Virginia Woolf dedicó un ensayo “al mayor placer de la vida urbana”: merodear por las calles. En su ensayo Merodeo Callejero, Woolf describe cómo comprar un lápiz es la excusa perfecta para caminar por Londres y mientras lo hace descubre personajes, escucha conversaciones, vitrinea almacenes.


Las cosas que uno encuentra cuando va a pie

En diferentes caminatas por Londres me he encontrado con un lápiz en el suelo. Lápices rotos o sin punta, o con la punta muy gastada o muy fina recién sacada. ¿Es un mensaje, una señal, una casualidad? Sea lo que sea, cuando ocurre pienso en Woolf, en su vida, sus ensayos. En las sorpresas que nos traen las caminatas urbanas. En Bucaramanga cuando llegaba la noche ocurría el más bello de los conciertos, el que daban los grillos en las pequeñas zonas verdes de las aceras. En Londres uno se encuentra de frente con zorros, esos salvajes urbanos que merodean las calles cuando nadie los esta mirando.

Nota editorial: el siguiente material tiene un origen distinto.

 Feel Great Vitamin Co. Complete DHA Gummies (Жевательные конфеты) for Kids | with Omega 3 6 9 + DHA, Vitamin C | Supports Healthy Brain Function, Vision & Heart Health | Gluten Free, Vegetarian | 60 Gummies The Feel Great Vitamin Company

“Mire a la derecha” / “Mire a la izquierda” / “Mire a ambos lados”, son las instrucciones escritas en el suelo en cada cruce peatonal de Londres. En una cultura donde se maneja al revés y los carros vienen del lugar opuesto al que un extranjero espera es imperativo dar instrucciones a los caminantes sobre hacia donde mirar antes de cruzar.

Hay zonas en las que hay tantos chicles pegados al pavimento que se pueden armar constelaciones. Pequeños sistemas creados por los indiferentes que no encuentran un mejor lugar para botar su chicle. En otoño el suelo acumula las hojas secas que caen de los árboles y se camina sobre ellas.


Los mapas que nos inventamos para descubrir la ciudad

Mis primeras caminatas por Londres se orientaban por las estaciones de metro. En lugar de entrar a las estaciones y viajar por los túneles, me movía por encima pero usando el mapa del metro como guía. Alguien que conozco usa como referencia los puentes de Londres: de Tower Bridge a Hampton Court Bridge pasando por otros 31 puentes.

El libro por excelencia que no podía faltar en casa de un londinense era el A to Z, un libro-mapa que demarcaba minuciosamente cada esquina, cada calle, cada plaza. Sin éste era casi imposible encontrar una dirección hasta que aparecieron los smartphones y Google maps se convirtió en el A to Z digital.


¿Para qué un mapa cuando lo que quieres es perderse?

Para caminar fuera de la ruta delimitada por el lugar donde se vive. Para ir más lejos, al lugar desconocido, empecé a subirme a un bus y sentarme en el segundo piso, llegar a una parada y volverme caminando. Salir de lo familiar y entrar a lo desconocido. Como la analogía que nos presenta la escritora Rebecca Solnit en su libro Wanderlust: Una historia sobre caminar: “así como un estante de libros puede reunir poesía japonesa, historia mexicana y novelas rusas, así también los edificios de mi ciudad [San Francisco] contienen Centros Zen, iglesias pentecostales, tiendas de tatuajes, almacenes de frutas y verduras, lugares para comer burritos, cines, restaurantes chinos”.

Las caminatas urbanas revelan historias a cada paso que se da. Cada instrucción en el suelo, el arte urbano, los nombres de las calles, de las estaciones, las fachadas, los transeúntes, son un regalo para las caminantes ociosas y minuciosas observadoras de la ciudad.